In addition to falling short of the MTA’s reported numbers, actual ridership on the new train is much smaller than it was projected to be prior to the Expo Line’s opening.
A report on the opening weekend gala in the Los Angeles Daily News referred to a projection that the Expo Line would initially carry 27,000 passengers per day. That figure is expected to grow to 64,000 daily passengers per day by 2030. These figures appear to have been extrapolated from MTA claims [pdf], which presume that completing both phases of the project [pdf] will substantially increase ridership.
To reach the 2030 goal of 64,000 riders, each and every train on the Expo Line would need to run at near-total capacity. The three-car Expo train seats approximately 260 people. The MTA’s estimate of frequency indicates the line makes about 130 journeys from West Adams to Downtown per day. We double the number of train journeys per day to account for round trips. We then multiply that number by the seating capacity to derive the following: If every train runs completely full during both peak and off-peak hours, the Expo Line can move approximately 67,600 people per day. This number can be inflated slightly because not all people go the entire length of the trip.
Reason’s Tim Cavanaugh and Scott Shackford rode the Expo Line for its entire length and checked in on performance at platforms and on trains to get an estimate of total ridership. Our finding is that during both peak and off-peak hours, an Expo Line train carries no fewer than 11 and no more than 50 passengers per journey.
To account for the partial-journey variable described above, we counted both people who boarded the train at the start of each journey and people who entered the train on subsequent open-door stops. (Not all train stations are open, and the La Brea and La Cienega stations are open but under construction.)
We made our observations Wednesday and Thursday during peak and off-peak hours.
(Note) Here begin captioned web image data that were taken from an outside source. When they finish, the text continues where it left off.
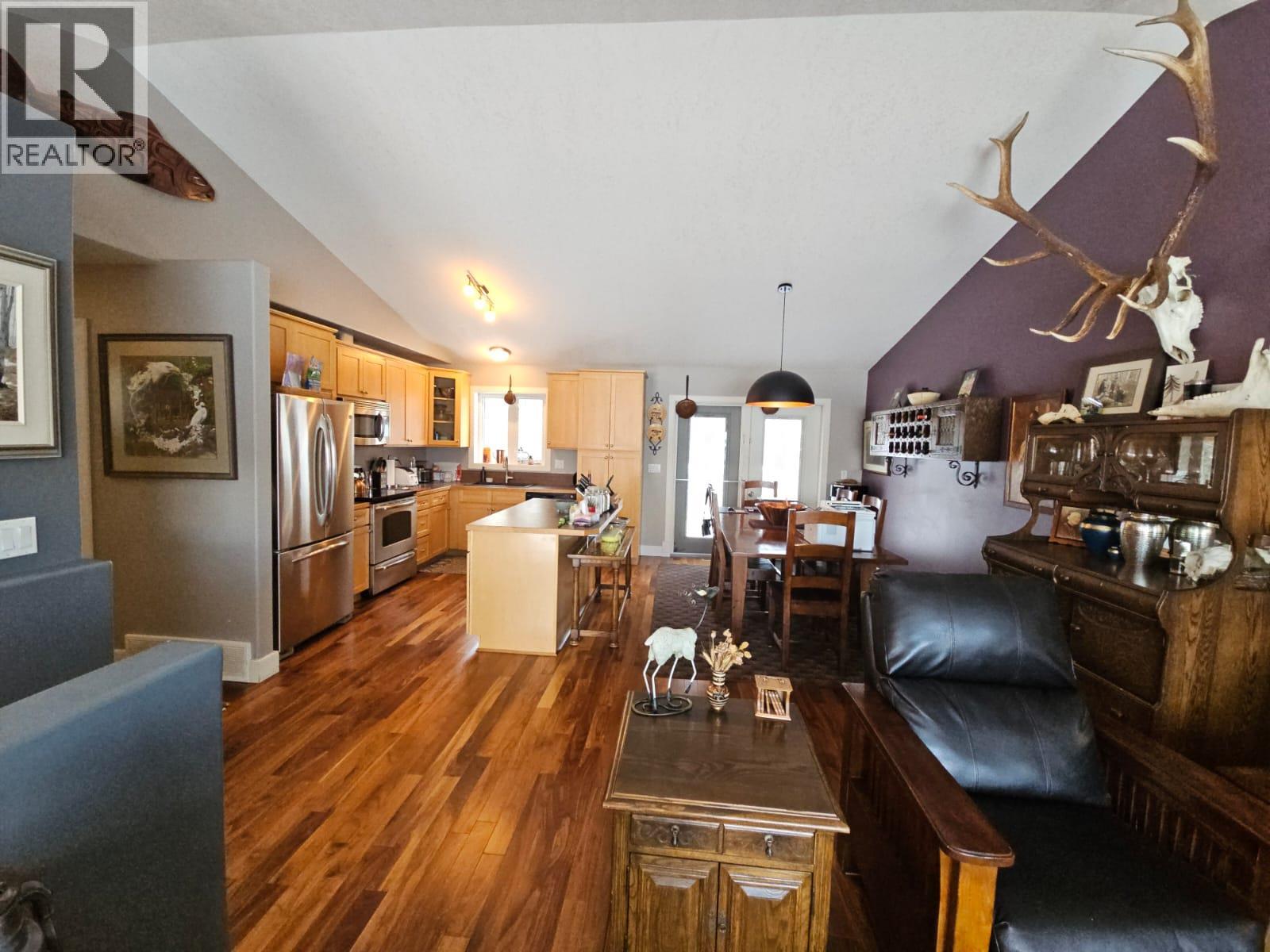 84 Wolverine Avenue, Tumbler Ridge, British Columbia  V0C 2W0 - Photo 8 - 10369099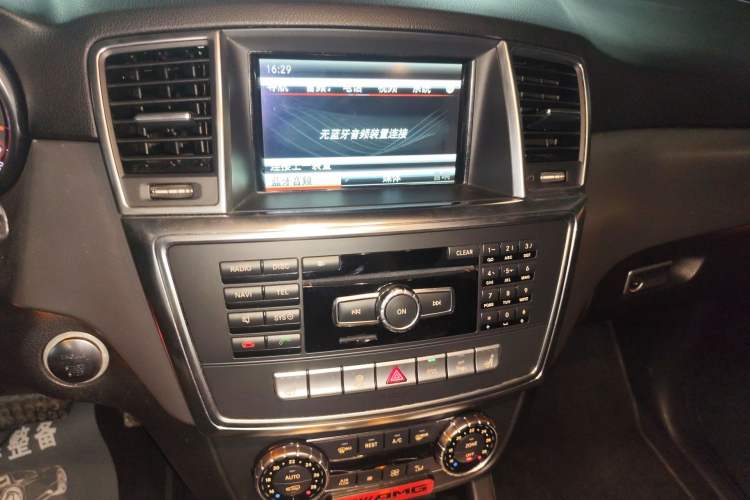 Used Mercedes-Benz M-Class AMG 2014 AMG ML 63 Audio And AC Panel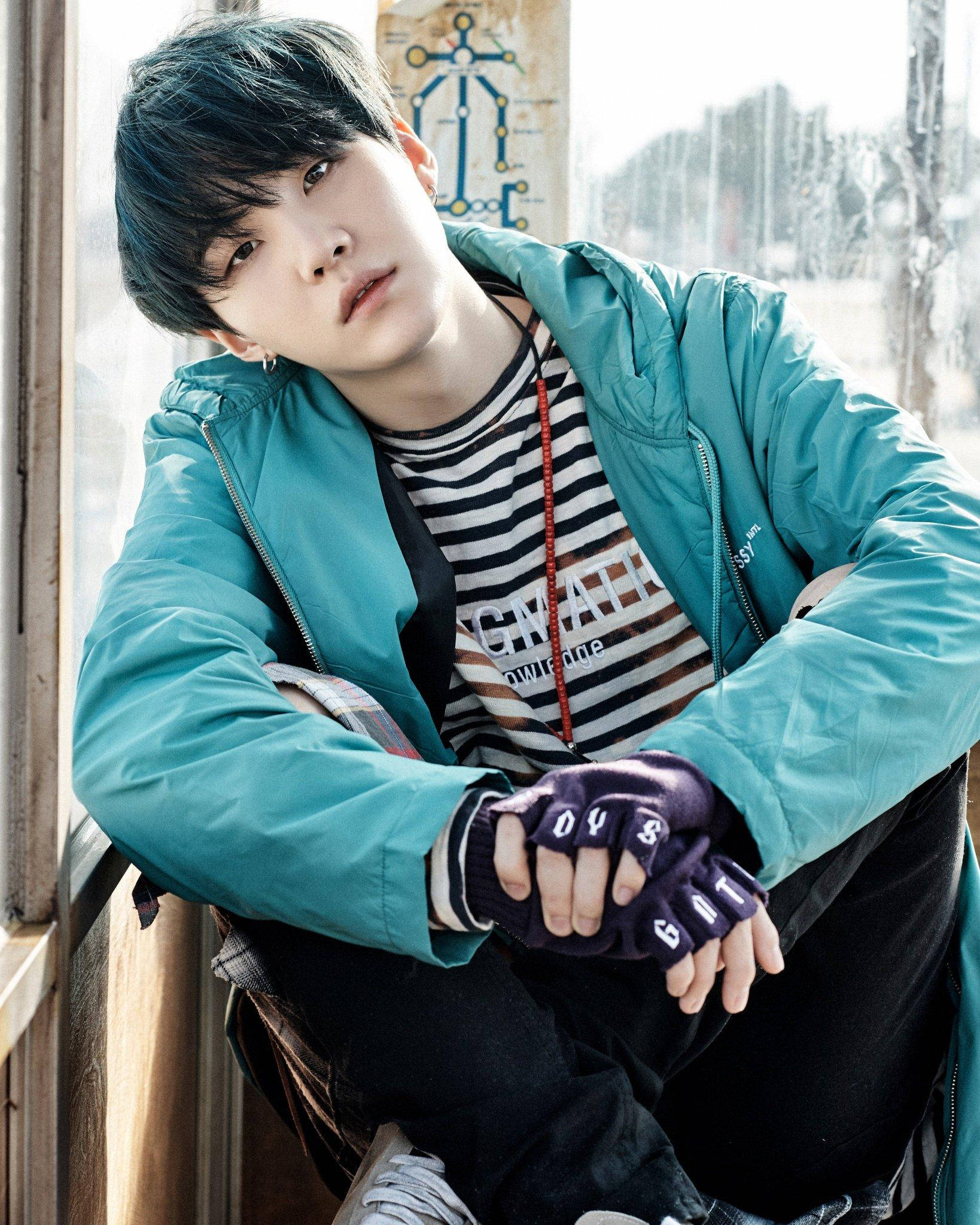 Χαριτωμένος BTS Suga Σε Μπλε Ταπετσαρία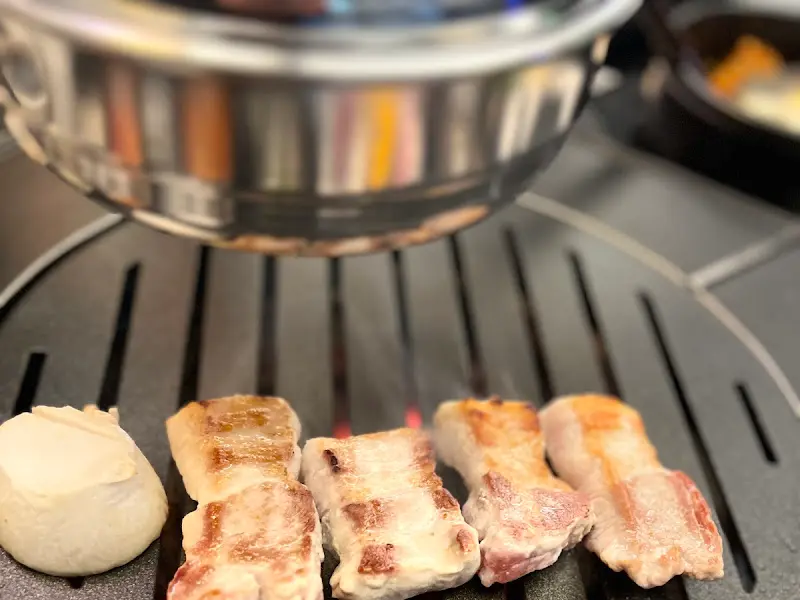 숯불 직화 뽈살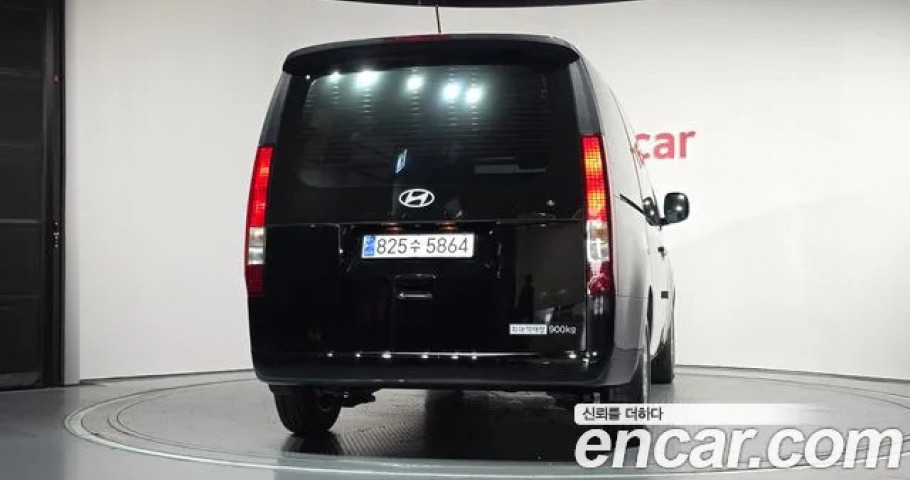 Hyundai Staria 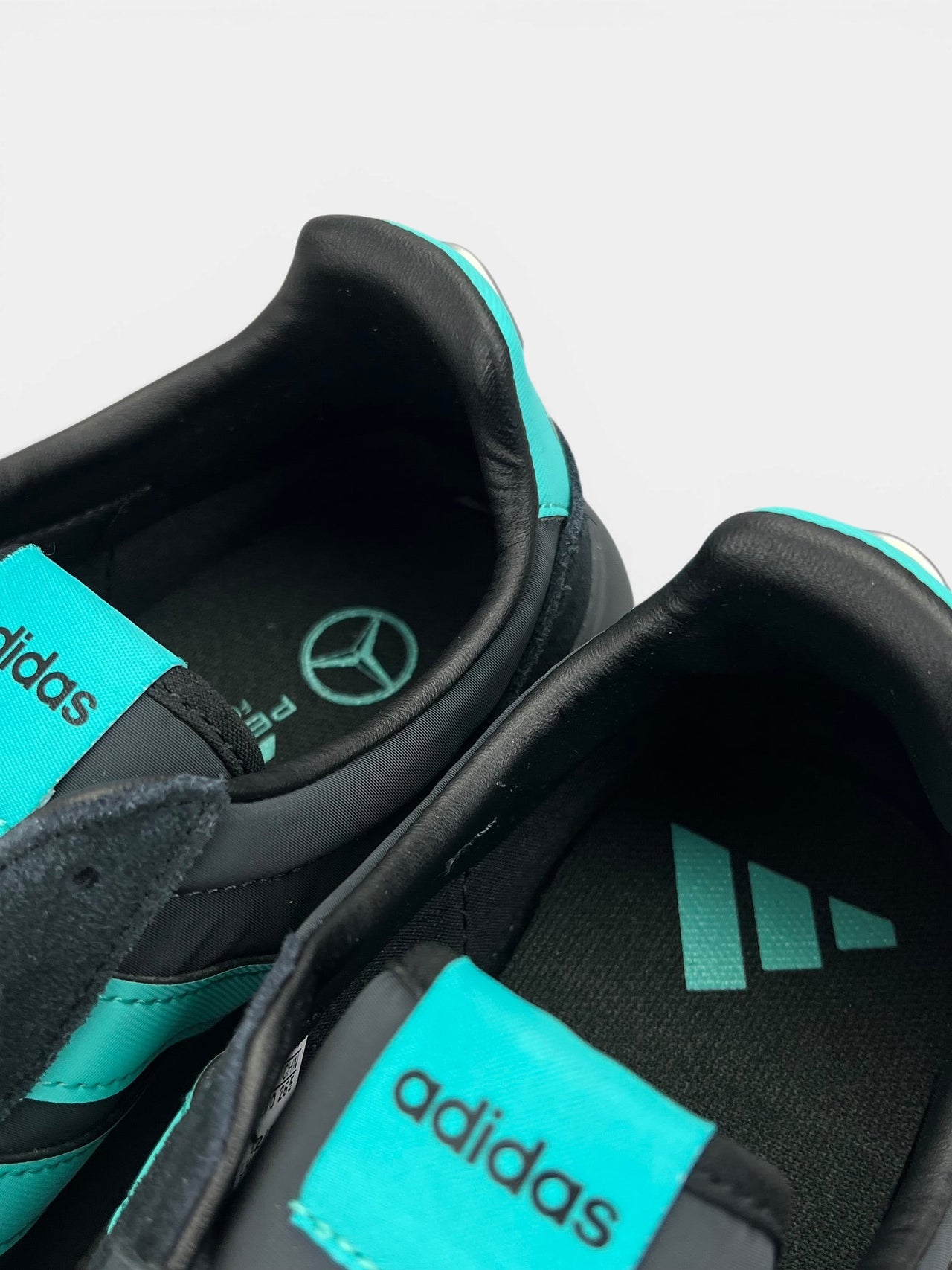 Adidas Decode Mercedes - AMG Petronas Formula One Team Barreda Decode — buty sportowe męskie nowe rozmiar 42 2/3, zapiętki butów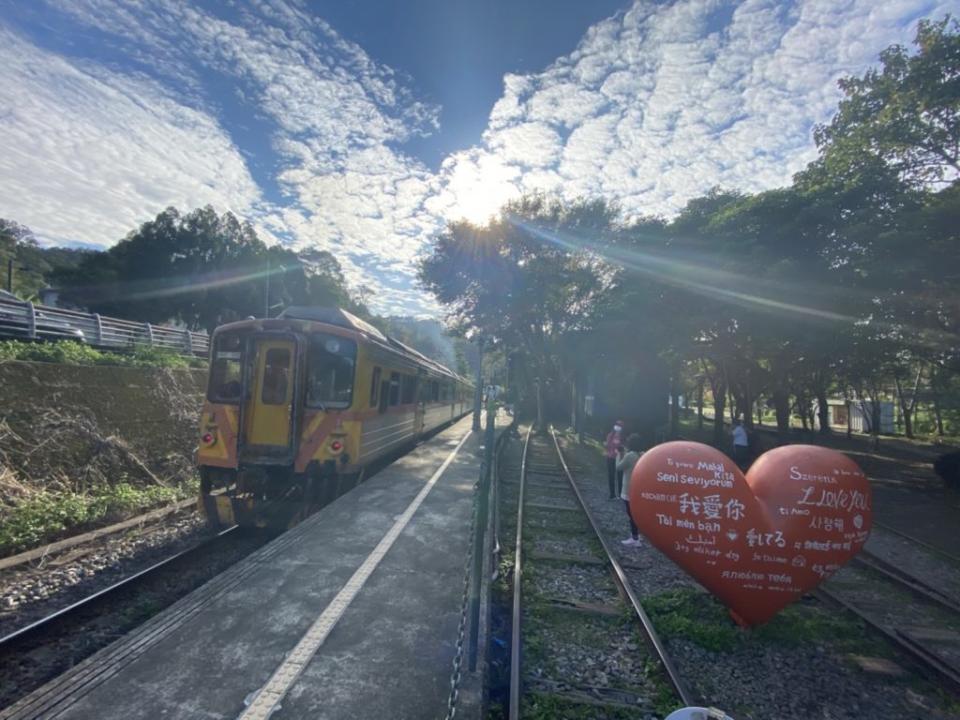 在愛情火車站有小火車進出站，搭載著戀人的浪漫。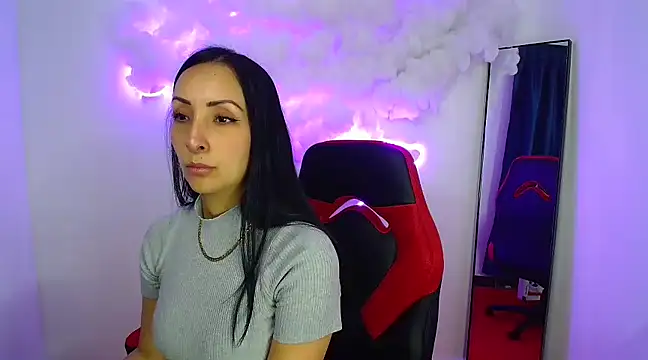 Snapshot of yaralyminjo2 chatting on 12.11.24 yaralyminjo2 online show from 12.11.24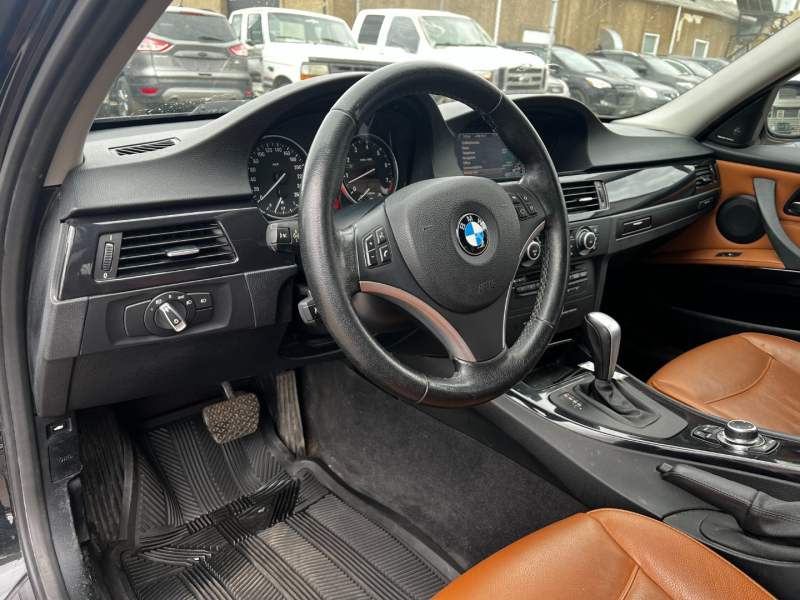 BMW 3-Series 2011 price $9,999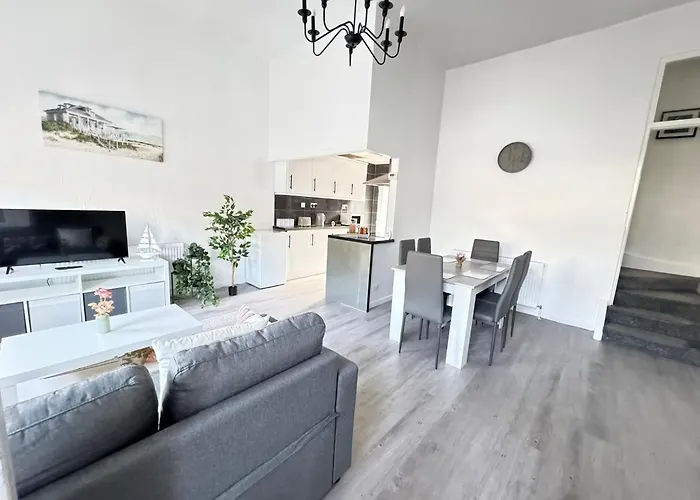 Spacious 2br By Portobello דירה *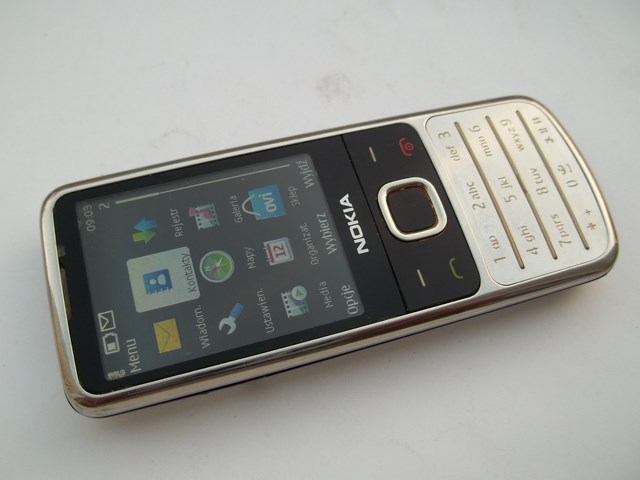 Nokia 6700 Classic – Bardzo Ładna. Srebrna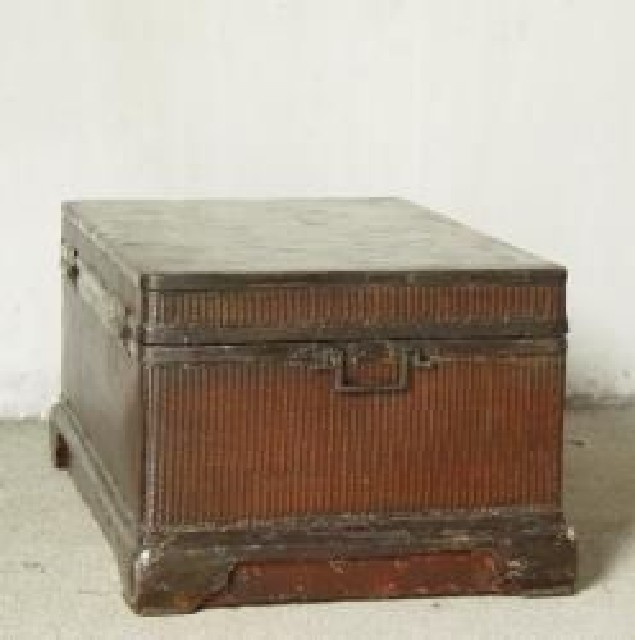 高碑店披灰竹絲箱|trunk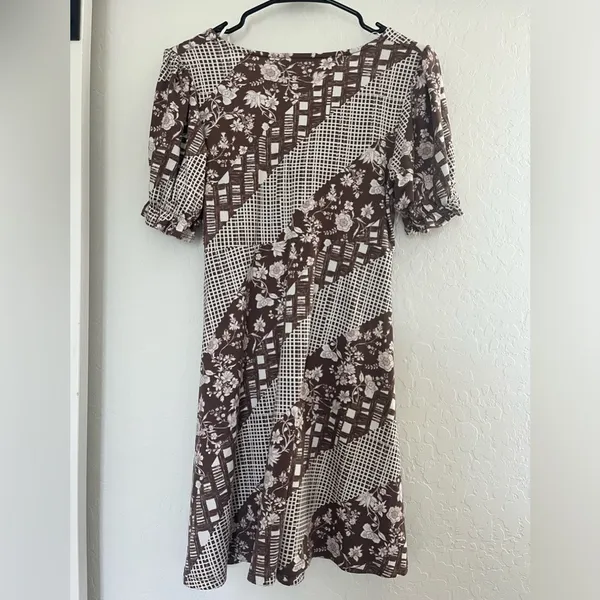 Aster women’s dress brown white floral checkered design artsy pockets‎ medium - Image 2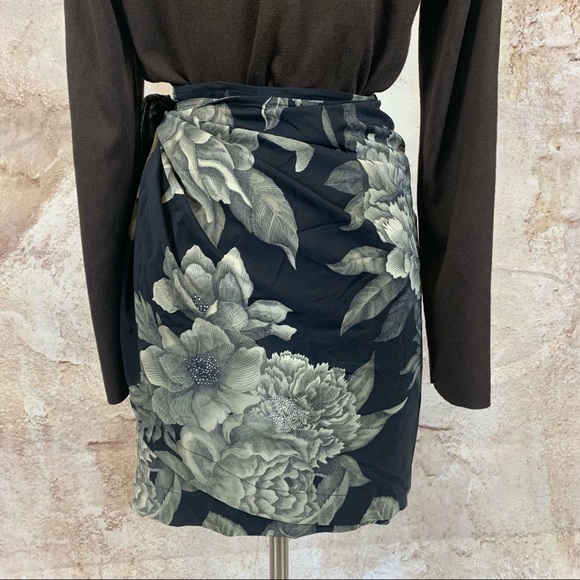 Linda Allard Ellen Tracy Skirt | Floral Wrap Skirt - Picture 5 of 7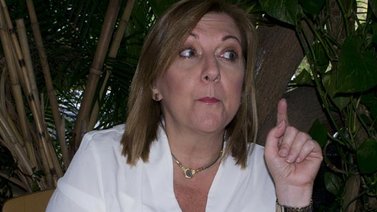 Giovanna de Michele: Sanciones están erosionando las bases al Gobierno
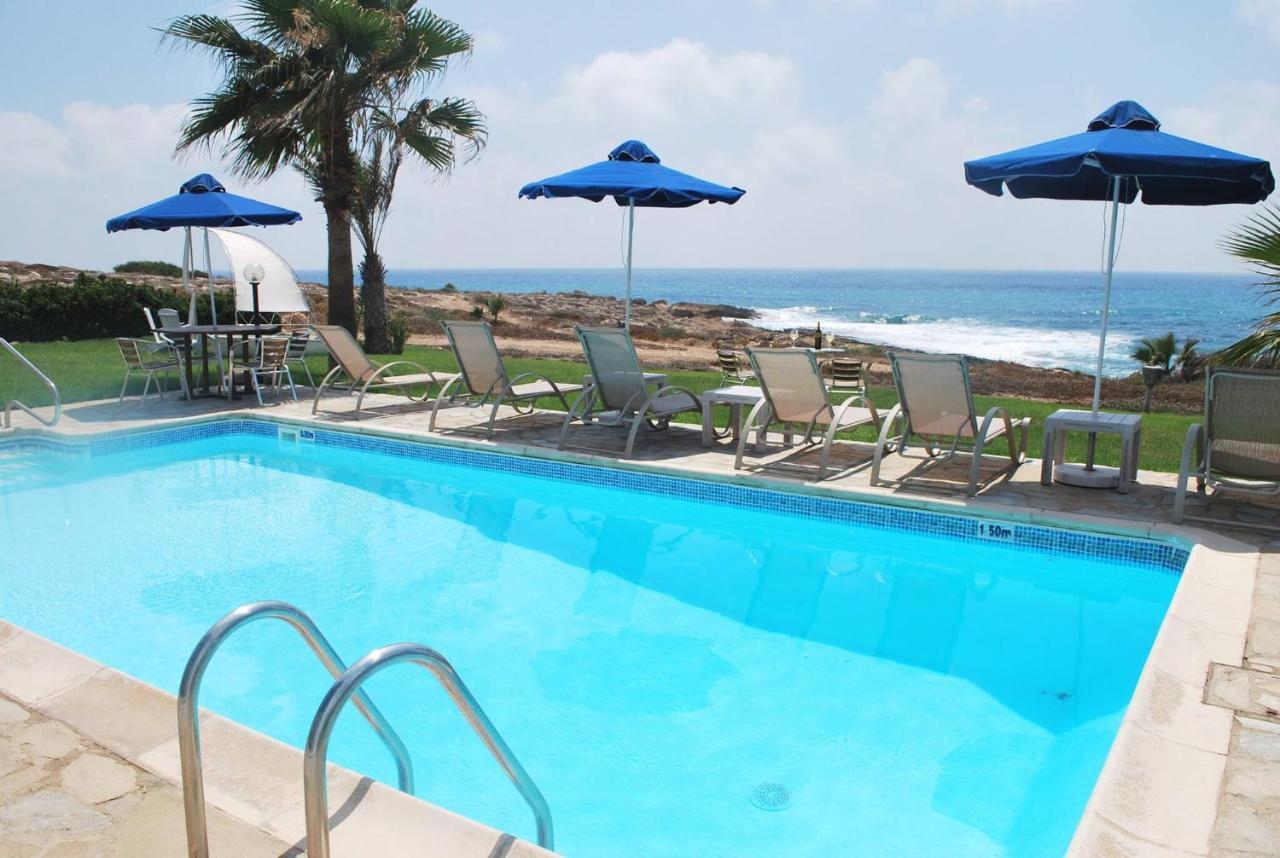 Sea Front Villa, Heated Private Pool, Amazing Location Paphos 323 كيسونيجرا المظهر الخارجي الصورة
We made exact counts on trains we rode and used best guesses for other trains we observed. Where possible, we made counts based on videos and photos of trains we were not riding ourselves.
Although we documented boardings and paid for tickets on all trains we rode, we cannot verify that any other passenger paid the $1.50 full one-way fare. Several passengers we interviewed were receiving discounts. There also does not appear to be any apparatus in place for preventing fare beaters from riding the train.
It's worth noting that the Expo Line would not be paying for itself even according to the MTA's rosiest projections. Presume that 64,000 people ride the train each day, and that each passenger does what we did and buys two one-way tickets, for a total of $3 per passenger. That's $192,000 of revenue per day and $70 million in revenue a year.